Three studies described the mechanical properties of the graft [51, 54, 56]. Two studies indicated that Ca-P-coated Mg exhibited better mechanical properties than BM [54, 56]. After implantation of four weeks, the tensile strength of BM was approximately half of the initial value, while Ca-P-coated Mg had a slightly smaller decrease after 12 weeks [54]. Ca-P-coated Mg can still maintain a tensile strength of >190 MPa, while the tensile strength of BM decreases rapidly after two weeks [56]. Although there is no comparison between Ca-P-coated Mg group and BM group, the treated ulna possessed biomechanical properties similar to those under normal conditions, revealing that the coated Mg alloy performed well in bone fracture surgery [51].

Systemic host responses

Ion concentration in serum

Three studies described ion concentrations in serum [39, 47, 49]. The serum Mg2+ level in the Ca-P-coated Mg group was lower than that in the BM group [47]. Two studies showed that there were no statistically significant differences in the changes in ion concentration [39, 49]. Serum Mg2+ levels were in the normal range at various time periods [49]. The degradation of coated magnesium had no negative effect on the increase in serum Mg2+ and Ca2+ [39].

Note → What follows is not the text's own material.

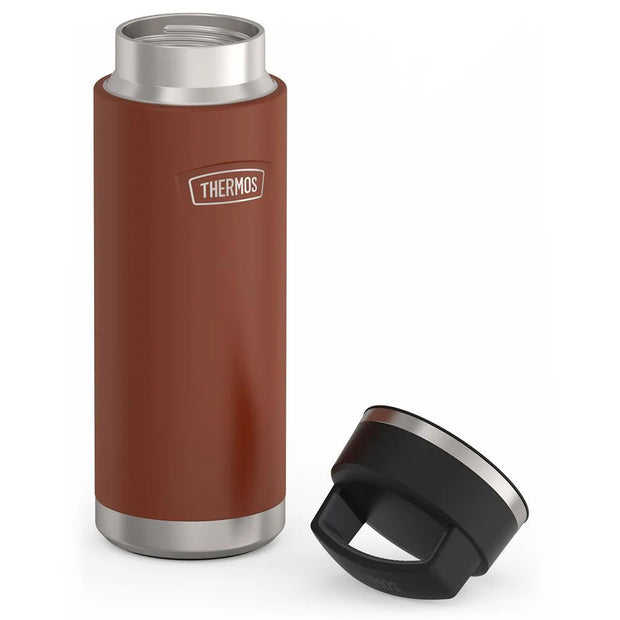 variant:46515266584768 24oz Icon Stainless Steel Water Bottle w/ Screw Top Saddle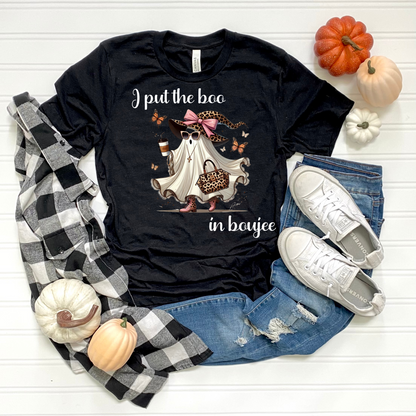 Unisex T-Shirt - I Put the Boo in Boujee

Influence on the major organs

Three studies described the influence of Ca-P-coated Mg in major organs [39, 44, 56]. It has been reported that Ca-P-coated Mg groups have less impact on major organs [56]. Two studies reported that no statistically significant difference was observed in both groups [39, 44]. The graft in both groups had no side effects on the liver and kidney functions of goats [44]. According to the hematological analysis of rabbit serum, it was found that the changes in ALT and urea in Ca-P-coated Mg and BM groups were not statistically significant. Visceral section observation revealed that the liver and kidney functions were normal, demonstrating that Ca-P coating has great in vivo biocompatibility [39].

Clinical findings

Seven studies described clinical findings [39, 44, 45, 49, 50, 56, 57]. Two studies revealed that Ca-P-coated Mg groups have better antiinfection ability [50, 56]. Compared with the BM group, there was no plate exposure during the experiment in the Ca-P group. Three studies revealed no infection or inflammation, and there was no significant difference between the two groups [44, 45, 49, 57]. The average animal weight in the Ca-P-coated Mg group increased, while that in the BM group decreased [57].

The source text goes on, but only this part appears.